- [EXERCISE PROMPT]:
Scan the lines below for the word "Bedroom". Copy each line you find it in.

Stored records
***

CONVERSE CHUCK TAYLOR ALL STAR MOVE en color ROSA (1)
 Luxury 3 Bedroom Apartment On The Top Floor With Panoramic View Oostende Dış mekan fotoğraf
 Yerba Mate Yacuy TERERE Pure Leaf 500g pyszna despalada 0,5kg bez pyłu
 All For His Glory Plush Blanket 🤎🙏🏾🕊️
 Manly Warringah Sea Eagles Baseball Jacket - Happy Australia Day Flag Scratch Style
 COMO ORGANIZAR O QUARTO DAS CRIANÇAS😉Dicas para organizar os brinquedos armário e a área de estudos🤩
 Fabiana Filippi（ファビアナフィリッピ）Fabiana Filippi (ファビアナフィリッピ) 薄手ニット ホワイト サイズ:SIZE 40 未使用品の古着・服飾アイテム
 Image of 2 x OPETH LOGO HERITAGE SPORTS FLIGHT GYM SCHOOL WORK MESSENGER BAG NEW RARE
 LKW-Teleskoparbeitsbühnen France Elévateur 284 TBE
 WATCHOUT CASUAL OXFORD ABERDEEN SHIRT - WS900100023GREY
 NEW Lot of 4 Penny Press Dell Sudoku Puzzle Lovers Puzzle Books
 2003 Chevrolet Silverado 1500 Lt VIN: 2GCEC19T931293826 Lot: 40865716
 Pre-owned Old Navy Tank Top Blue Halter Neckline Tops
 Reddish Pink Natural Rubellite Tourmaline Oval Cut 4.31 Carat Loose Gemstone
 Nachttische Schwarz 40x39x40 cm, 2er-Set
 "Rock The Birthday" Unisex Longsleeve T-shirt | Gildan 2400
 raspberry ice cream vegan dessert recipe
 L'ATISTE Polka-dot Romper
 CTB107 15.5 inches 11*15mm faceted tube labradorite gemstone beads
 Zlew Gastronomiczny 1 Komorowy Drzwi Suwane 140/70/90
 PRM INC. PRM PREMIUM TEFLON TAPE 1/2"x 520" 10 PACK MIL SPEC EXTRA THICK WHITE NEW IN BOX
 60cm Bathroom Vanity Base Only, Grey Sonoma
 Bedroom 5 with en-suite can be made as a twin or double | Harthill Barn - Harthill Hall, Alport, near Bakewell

***

- [RESULT FOR THIS EXERCISE]:
 Luxury 3 Bedroom Apartment On The Top Floor With Panoramic View Oostende Dış mekan fotoğraf
 Bedroom 5 with en-suite can be made as a twin or double | Harthill Barn - Harthill Hall, Alport, near Bakewell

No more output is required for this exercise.